◆ Dataset excerpt
Segment Open
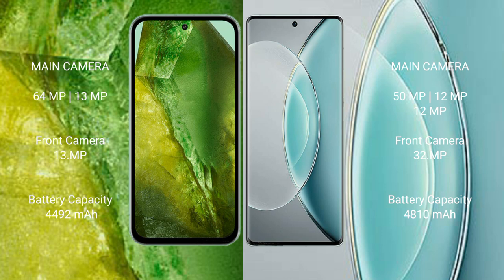Google Pixel 8 has a 4492mAh battery with 30-watt fast charging support. Vivo X19s has a 4800mAh battery with 120-watt fast charging support.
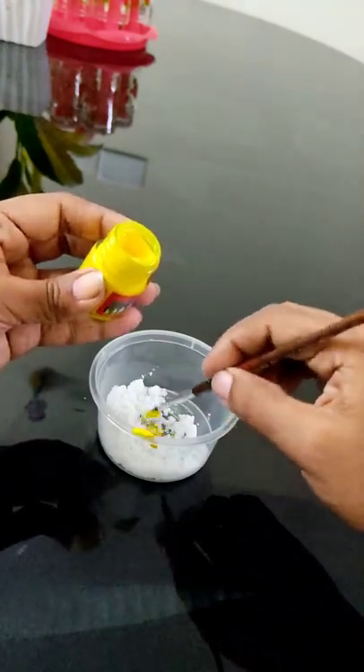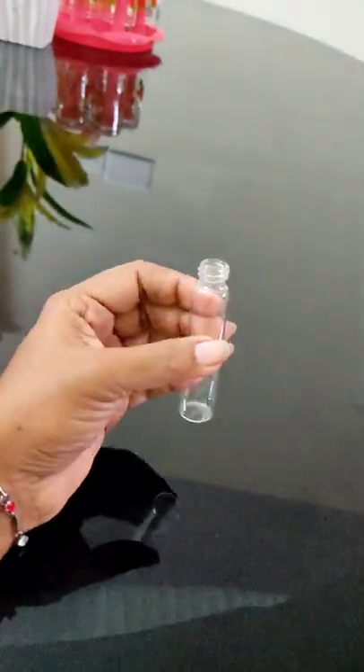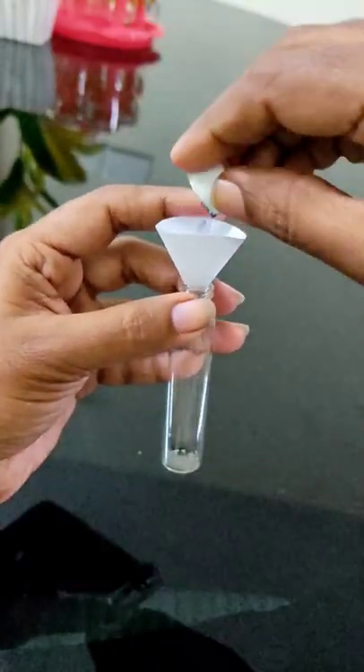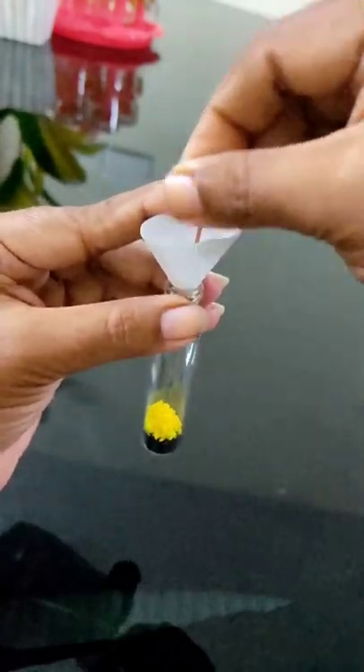We will add some of the paper in this bottle. Then we will add the bottle here. I am going to add a layer on a layer. We will add a little color in this bottle.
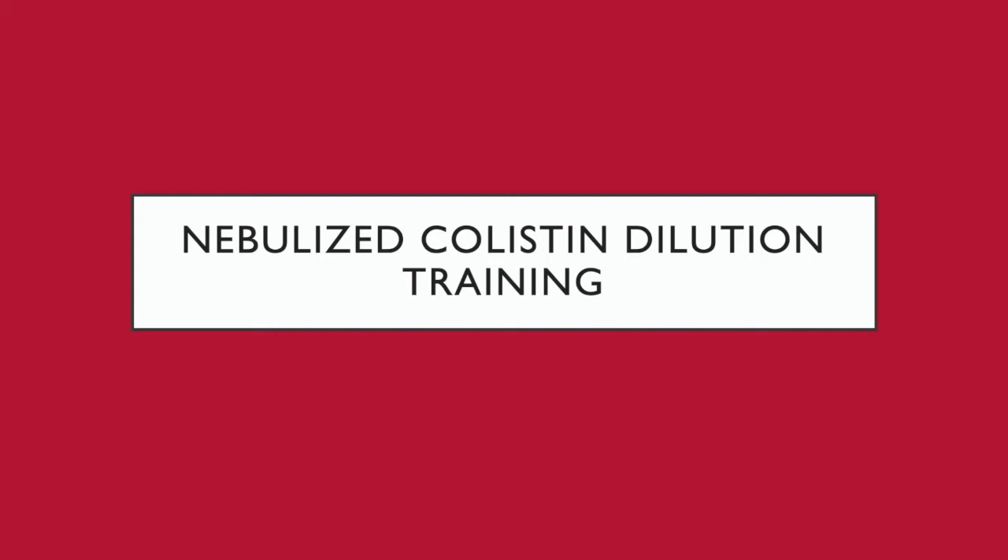Hello and welcome to the nebulized colistin dilution training video. My name is Cece and I'm a transplant pharmacist, and I'm very excited to talk to you about how to mix your colistin nebulizers.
Segment Closed
◆ What is needed
Print the listing above in full, exactly as written. Omit any pictures.

◆ Written response
Google Pixel 8 has a 4492mAh battery with 30-watt fast charging support. Vivo X19s has a 4800mAh battery with 120-watt fast charging support.
We will add some of the paper in this bottle. Then we will add the bottle here. I am going to add a layer on a layer. We will add a little color in this bottle.
Hello and welcome to the nebulized colistin dilution training video. My name is Cece and I'm a transplant pharmacist, and I'm very excited to talk to you about how to mix your colistin nebulizers.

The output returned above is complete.